En commission de la Culture, ces dispositions ont fait l’objet de plusieurs dizaines d’amendements, mais rares sont ceux ayant été adoptés.
Les plateformes « pirates » privées de ce régime d’exception
Dans l’amendement AC1266, Sophie Mette (MoDem) et Aurore Bergé (LREM), rapporteures du texte, ont souhaité que « les plateformes ayant pour objet principal le piratage » ne puissent bénéficier des exemptions de responsabilités ouvertes par la directive sur le droit d’auteur.
Leur amendement a évidemment été adopté hier, signifiant que les éditeurs de ces sites seront responsables immédiatement des contenus illicites qu’ils proposent.
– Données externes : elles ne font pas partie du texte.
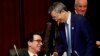 China's Central Bank Governor Yi Gang shakes hands with U.S. Treasury Secretary Steve Mnuchin, left, during the G20 Finance Ministers and Central Bank Governors Meeting Saturday, June 8, 2019, In Fukuoka, Japan.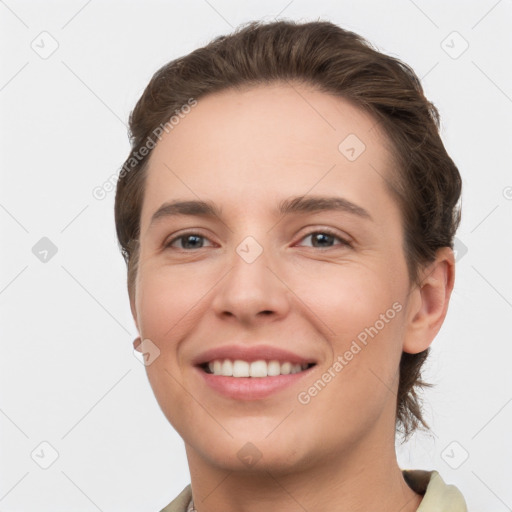 Joyful white young-adult female with short  brown hair and brown eyes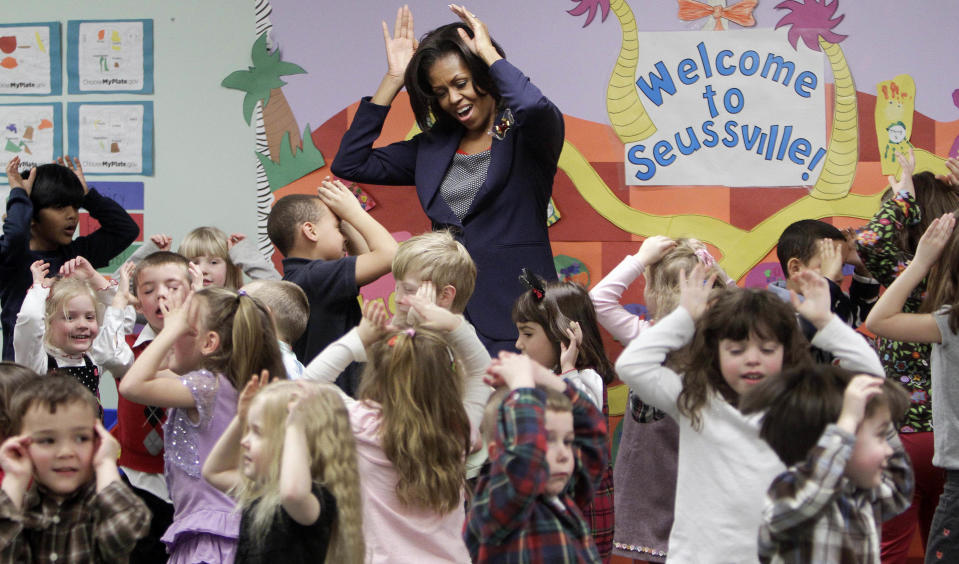 FILE - In this Friday, March 9, 2012 file photo, first lady Michelle Obama does a bunny hop dance with pre-schoolers at the Penacook Community Center in Concord, N.H., as part of her Let's Move initiative. A new study published in the New England Journal of Medicine on Wednesday, Jan. 29, 2014 finds that much of a child's "weight fate" is set by age 5, and that nearly half of kids who became obese by the eighth grade were already overweight when they started kindergarten. Researchers think there may be a window of opportunity to prevent it, and "we keep pushing our critical window earlier and earlier on," said Solveig Cunningham, a scientist at Emory University. (AP Photo/Jim Cole)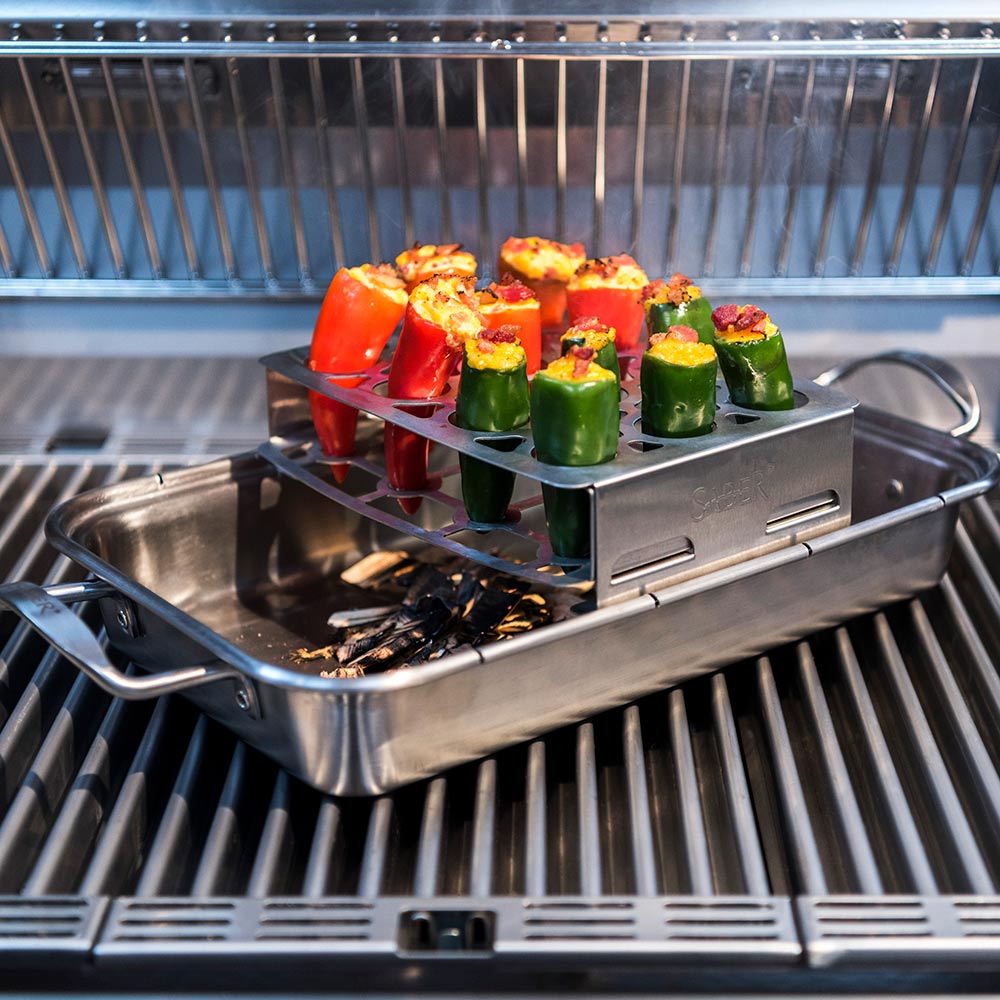Double pepper roaster on grill, holding green and red stuffed peppers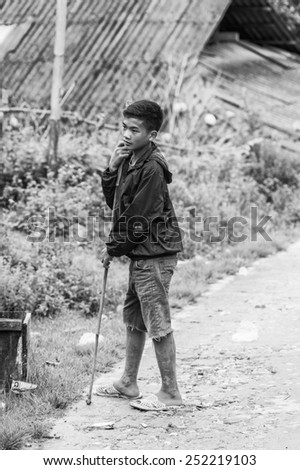 TA PHIN, LAO CAI, VIETNAM - SEP 21, 2014:  Unidentified Red Daoboy walks with a stick. Red Dao is one of the minority ethnic groups in Vietnam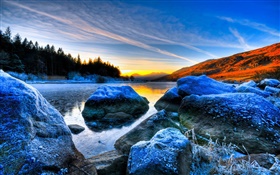 Stones, sunset, trees, volcanic lake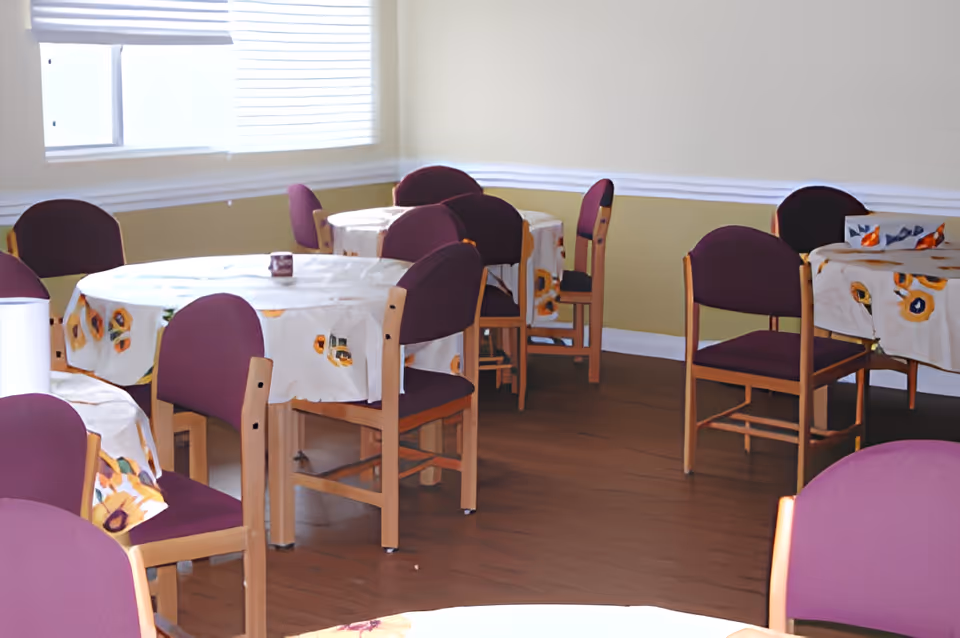 A dining room with several round tables covered with floral tablecloths. Each table is surrounded by wooden chairs with purple cushions. There is a window with blinds letting in natural light, and the walls are painted in a light beige color with white trim.
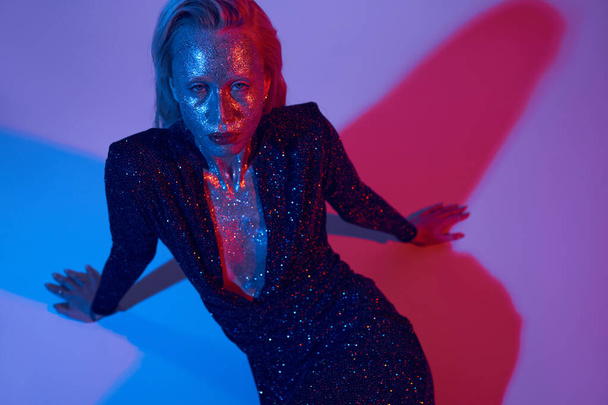 alluring sparkling model covered in glitter posing in shiny outfit under colored lights in studio - Photo, Image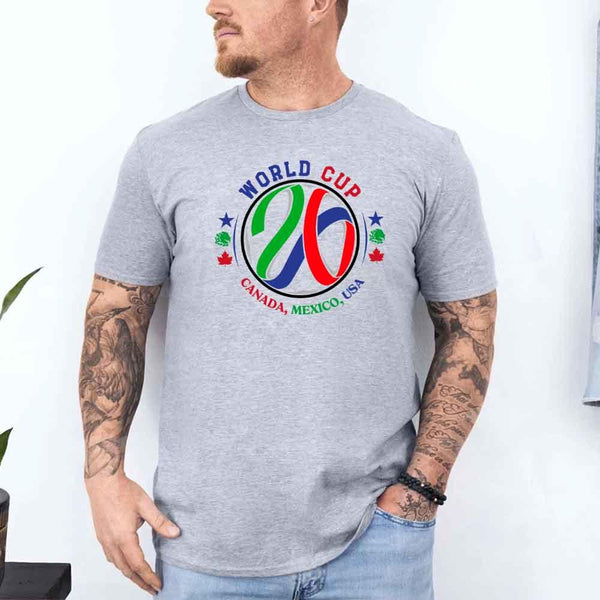 May include a person wearing a Sport Grey colored 2026 World Cup T-shirt featuring bold soccer graphic and relaxed fit.
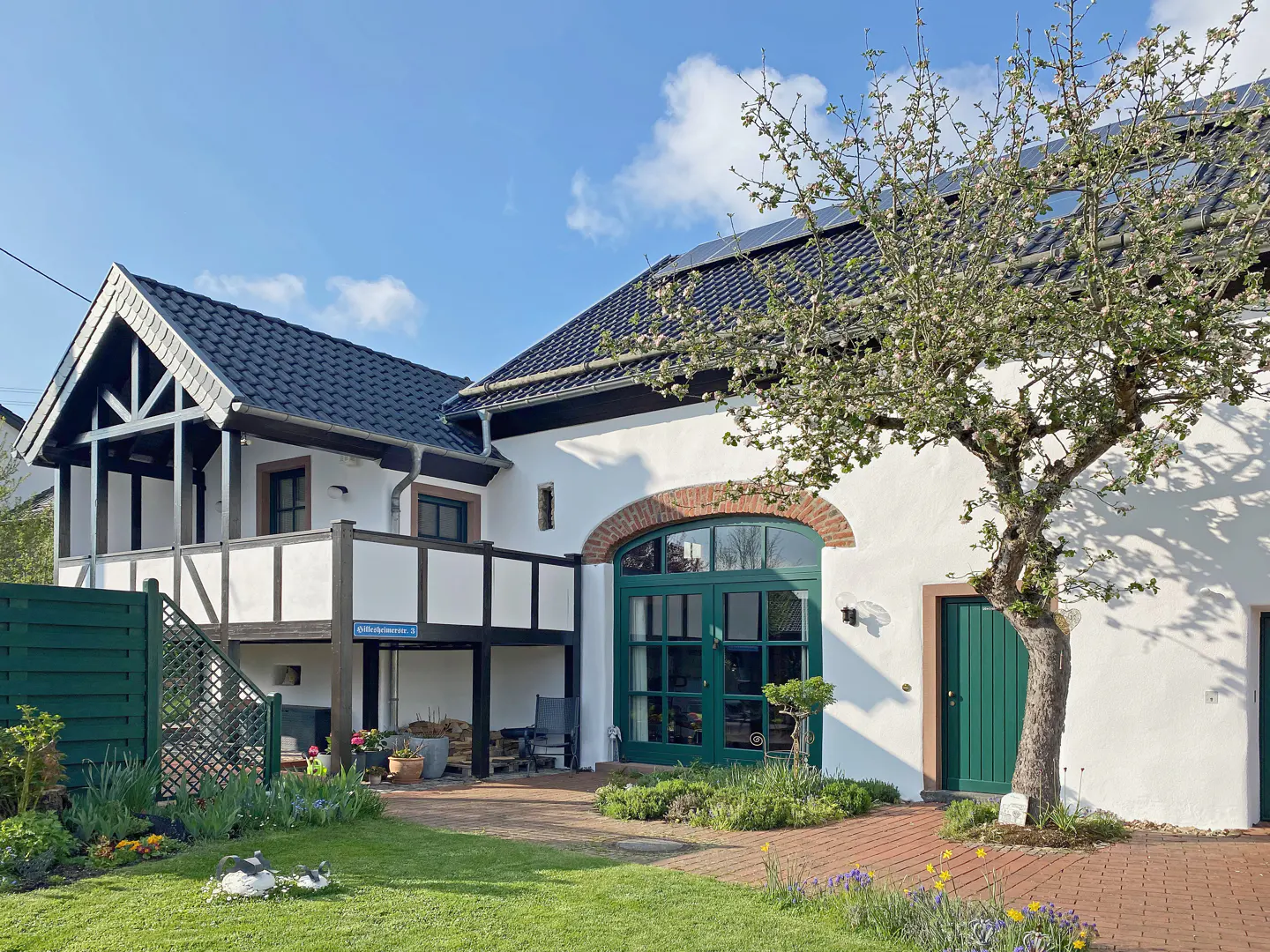 Two-story white house with dark roof, green trim, and blooming tree in the yard.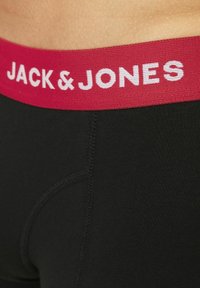 Bóxer negro con una cinturilla elástica roja que muestra el texto "JACK & JONES" en blanco. La tela parece suave con costuras visibles.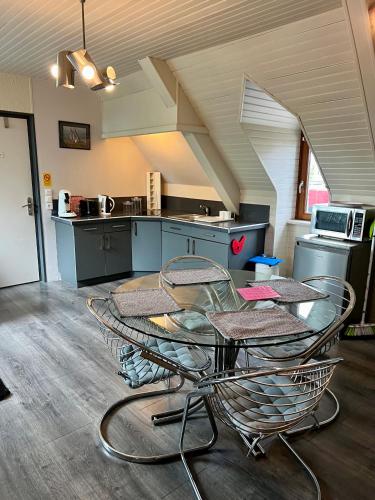 une cuisine avec une table et des chaises dans une pièce dans l'établissement Appart'hotel Maison Saint Michel, à Paimpol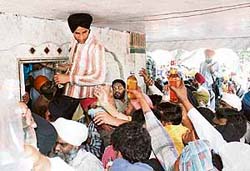 A large number of devotees at the tomb of Baba Rode on the Amritsar-Fatehgarh Churian road offer liquor as “ prasad” on the first day of the three-day fair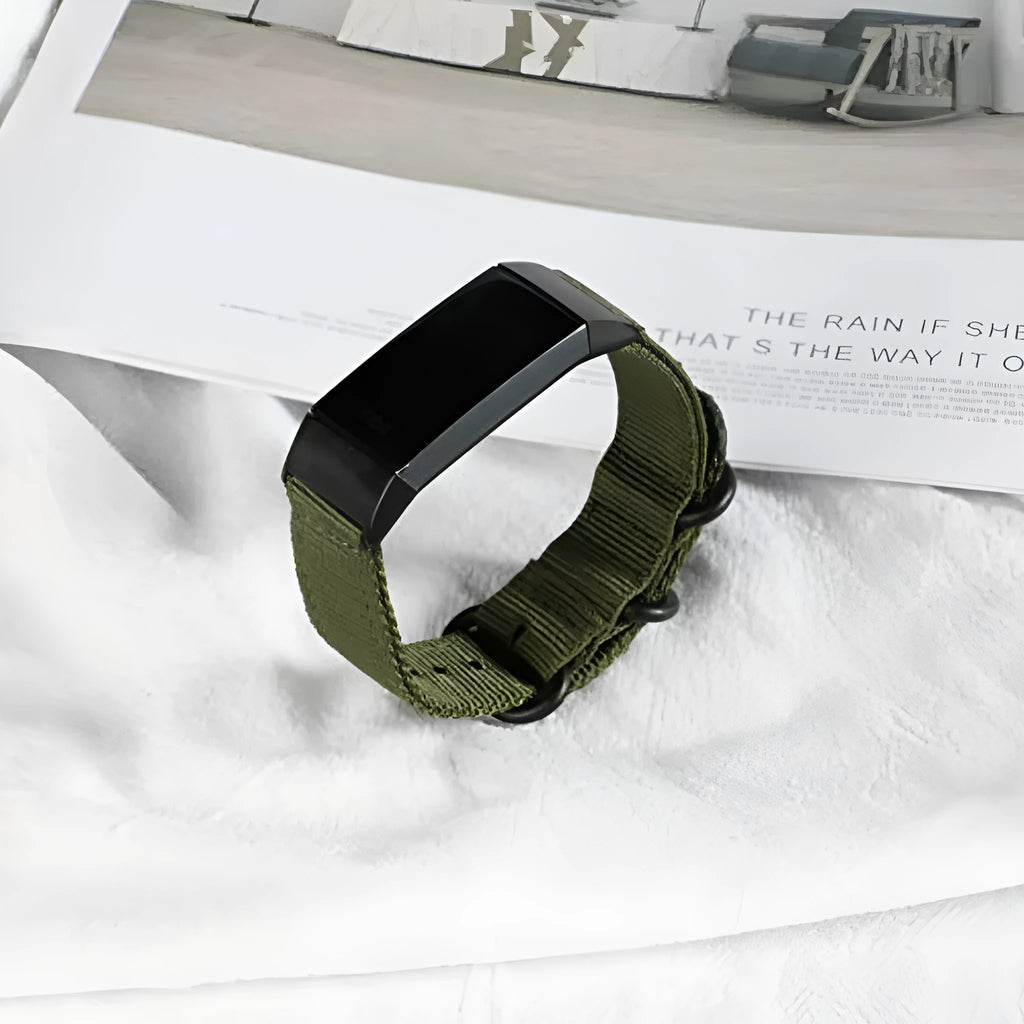 Nylon three-ring buckle replacement strap for Fitbit Charge fitness trackers in army green colour.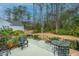 Relaxing backyard featuring patio furniture, lush landscaping, and mature trees at 206 President Cir, Summerville, SC 29483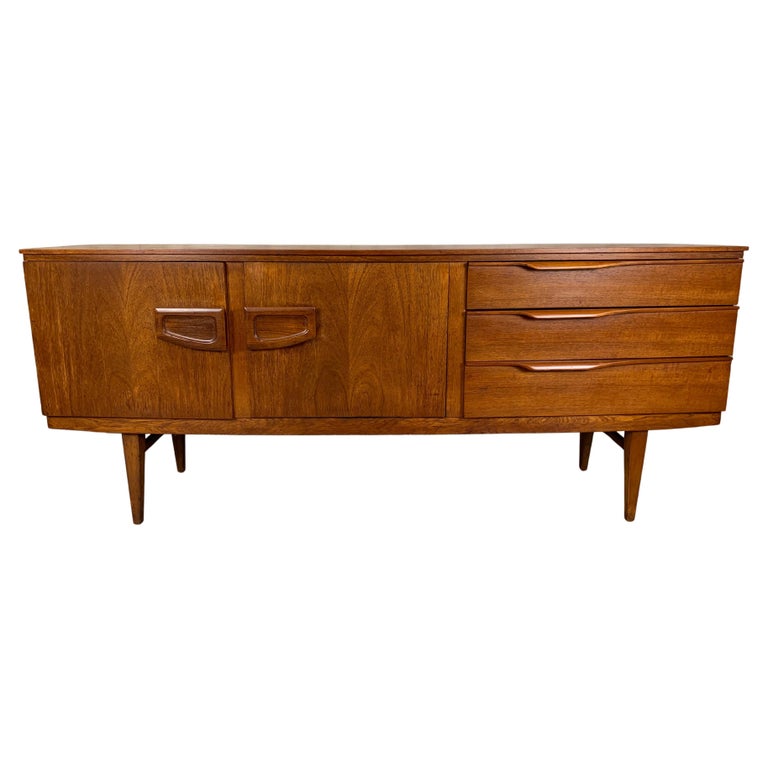 Danish modern style bow front teak credenza with centre fold down laminate bar area.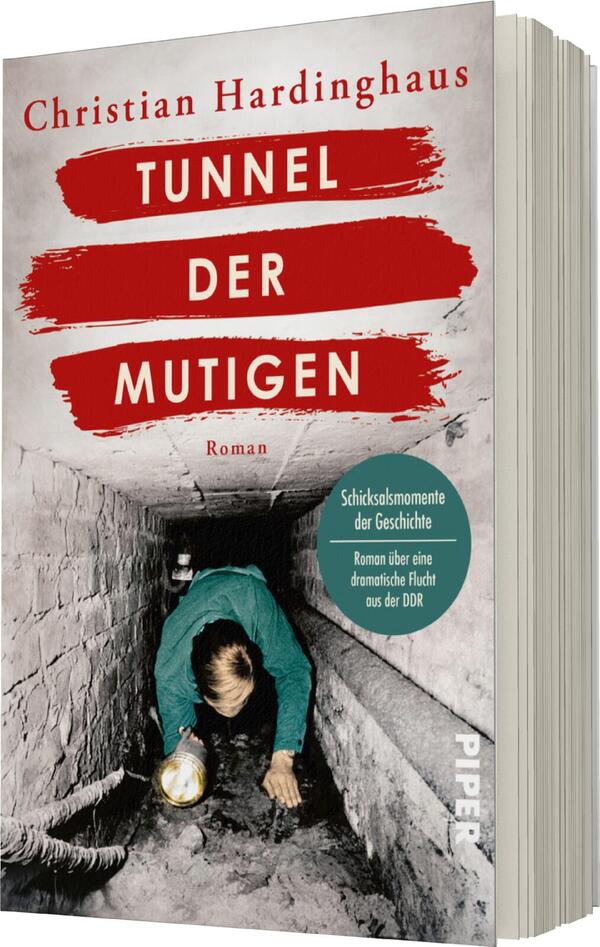 Das Buchcover zeigt eine düstere Tunnel-Szene, in der ein behelmter Mensch mit einer Lampe auf dem Boden hockt. Der Titel „TUNNEL DER MUTIGEN“ erscheint prominent in roten, dynamischen Buchstaben auf weißem Hintergrund. Der Schriftzug „Roman“ befindet sich in kleinerer Schrift unter dem Titel. Am unteren Rand des Covers steht in einer grünen Sprechblase der Zusatz „Schicksalsmomente der Geschichte“ sowie „Roman über eine dramatische Flucht aus der DDR“.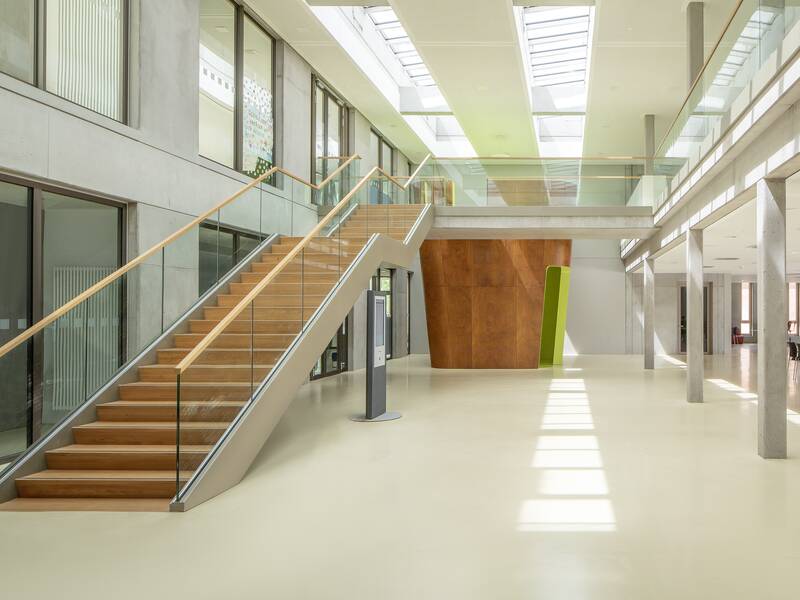 Der helle, moderne Innenraum der Lucian-Reich-Schule mit einer breiten Treppe aus Holz, einem Oberlicht und großen Fenstern, die den Raum mit Licht durchfluten.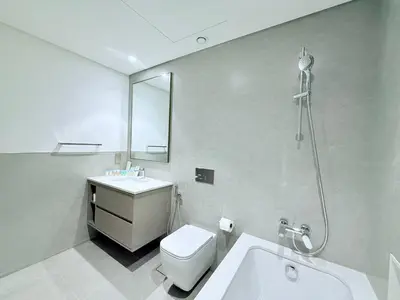 a bathroom with a toilet and a sink and a shower at Balcony Bliss 1BR with City View Pool & Gym in Dubai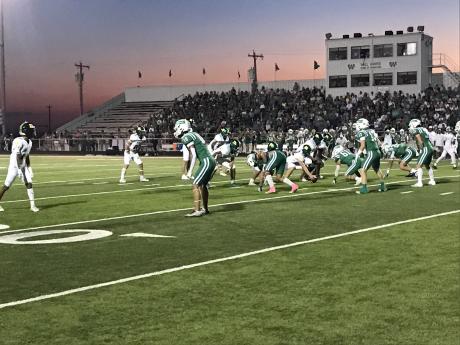 The Wall Hawks' defense prepares for the snap against Idalou on Friday, Oct. 4, 2024.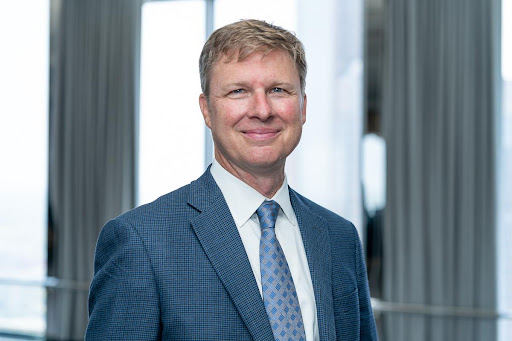 Headshot of Derek Shields, a white male smiling with blonde hair wearing a blue suit and tie.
Dans l’amendement AC997, lui aussi adopté, il est proposé que la fourniture des empreintes pour aiguiser le filtrage puisse se faire de manière directe ou indirecte et donc en faisant intervenir des sociétés tierces. « L’objectif est de prévoir expressément la possibilité pour les ayants droit de passer par des fournisseurs de technologie spécialisés dans l’identification des contenus audio ou vidéo pour centraliser leurs empreintes et les communiquer aux plateformes » écrit Éric Bothorel, rapporteur pour avis au nom de la commission des affaires économiques.
Les amendements rejetés
La France Insoumise, inspirée par la Quadrature du Net, a vainement réclamé la suppression pure et simple de l'article au motif qu’avec lui, « la France consacre donc la puissance illicite des géants du web, au lieu de nous protéger de leur modèle de surveillance ». Bien entendu, notre pays ne dispose pas d’une telle liberté. Il doit transposer.
La future loi contre la haine a inspiré Valérie Bazin-Malgras ou encore Brigitte Kuster. Elles proposaient que l’obligation de prompt retrait soit quantifiée, obligeant les intermédiaires à retirer les contenus dans les 24 heures après réception de la notification adressée par les ayants droit. L’amendement n’a pas été adopté.
De même, dans la directive européenne, il est précisé que « l'application du présent article [17] ne donne lieu à aucune obligation générale de surveillance ». En France, le projet de loi ne rappelle pas cette évidence issue de l’article 15 de la directive sur le commerce électronique.
La France Insoumise avait donc souhaité préciser que lorsqu’une plateforme fait ses meilleurs efforts pour empêcher la remise en ligne d’un contenu déjà retiré, « ces efforts n’impliquent [pas] de surveiller l’ensemble des contenus qu’il stocke ». Selon LFI, le projet de loi doit en effet « transposer entièrement la directive européenne afin de ne pas contraindre les plateformes de partage de contenu en ligne à mettre en place une surveillance automatique et généralisée ». L’amendement n’a pas passé le cap de la commission, pas plus que celui où LFI réclamait une vérification humaine avant tout blocage.
Une fois l'examen en commission achevé, le texte sera examiné en séance. Après son adoption, l'Assemblée nationale passera la main au Sénat.